Media in Canada Forum: ‘It’s damn complicated and dangerous.’

Engagement = innovation + integration, according to Unilever's global media director Alan Rutherford, and how to achieve this equation rests on letting the brand idea and consumer habits drive creative.

The merging of brands and content, context and contact was debated by a crowd of 400 top media, agency, brand communications and marketing execs from across Canada and abroad at the second annual Media in Canada Forum in Toronto yesterday.

UK-based keynote speaker Alan Rutherford, vice president global media for Unilever Plc, kicked things off on a compelling note: ‘Our consumers are changing, and if we fail to follow them, we will fail full-stop.’ And making that change involves integrated communications planning and engagement with consumers according to Rutherford, who says the key to doing so successfully can be found in leveraging popular culture, entertainment and social networks.
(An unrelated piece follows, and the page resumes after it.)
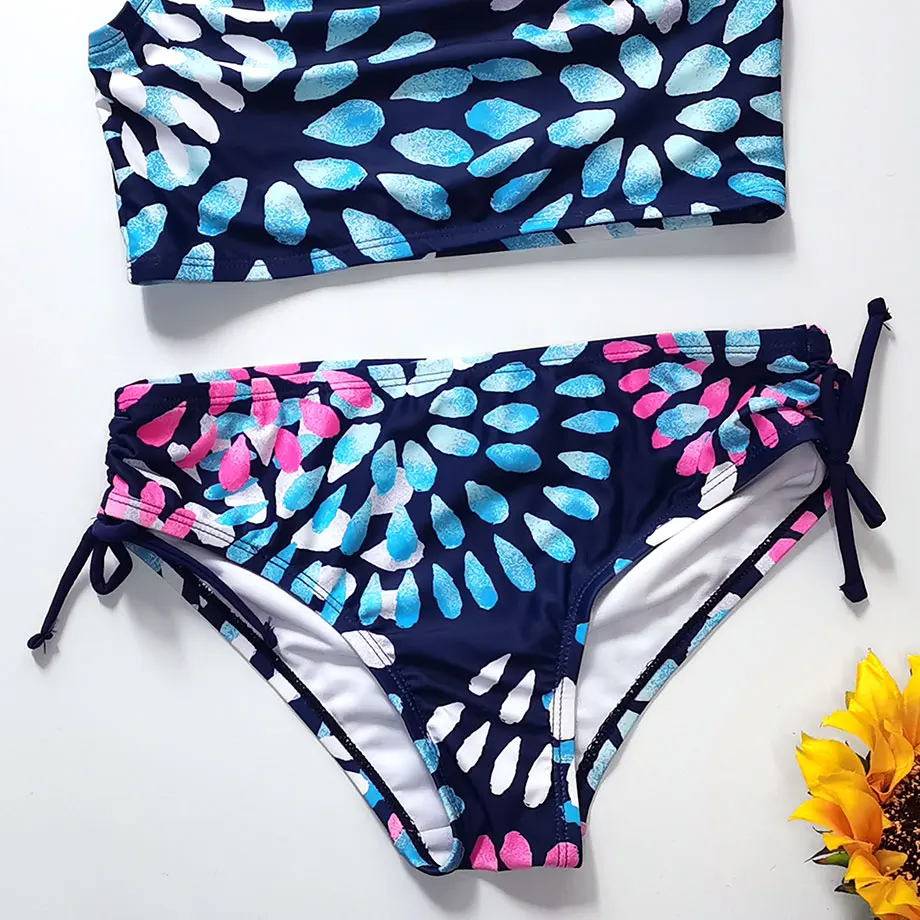 От 5 до 14 лет купальник с цветочным рисунком для девочек Детский комплект бикини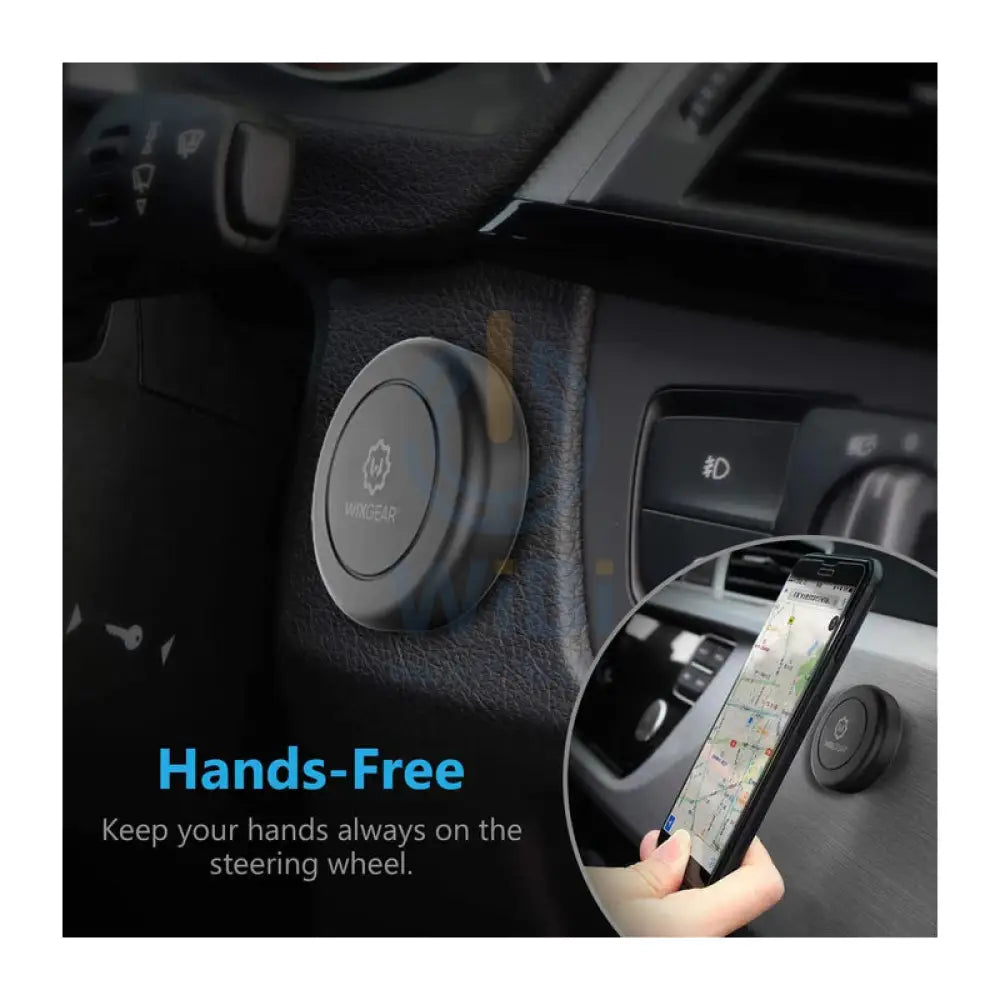 WIXGEAR Magnetic Flat Stick Car Mount - Black Accessories > Mobiles & Tablets > Mobiles > Mobile Holder / Stands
He went on to define true engagement as a value exchange, and an integrated approach that lets the consumer get in whatever driver’s seat he or she wants, any time of day in any market. ‘Integration is now required not just across channels, but between content and channels,’ said Rutherford. ‘The gravitational forces pulling us back into the old way are a dangerous thing.’

Engagement must transcend the time of interrupting the consumer with a message and become collaboration in the purest way, noted Rutherford. ‘We as marketers need to develop brand communication ideas that inspire – perhaps engagement is too passive. We need to create partnerships, building relationships that foster loyalty is required. Engagement is about big ideals,’ said Rutherford, ‘adding an idea and purpose to a brand.’

His four-step path to engagement entails:

1) Put the consumer first.

2) Add value to communications – borrow equity from causes.

3) Create talkability – take advantage of WOM and social networks.

4) Do the numbers last.

The day-long Forum supplied a great deal of evidence of successfully leveraging popular culture, entertainment and social networks. Fuel Industries EVP Brady Gilchrist, during a ‘Hijacked: Brand as Content’ session, also showed how cost-effective these efforts can be. An online game touting 20th Century Fox DVD titles that allowed users to pit American Dad vs. Family Guy Kung Fu (with a blogger-buzzed guest appearance by Ryu from the popular game Street Fighter) racked up a total of 165 years of play, with 12.8 million players logging on in the first month alone. The average player stayed for 12.5 minutes and at a cost of just 6 cents per play. The campaign, said Gilchrist, relied very little on paid media, as the blogosphere pushed the character brands through round after round of dirty combat.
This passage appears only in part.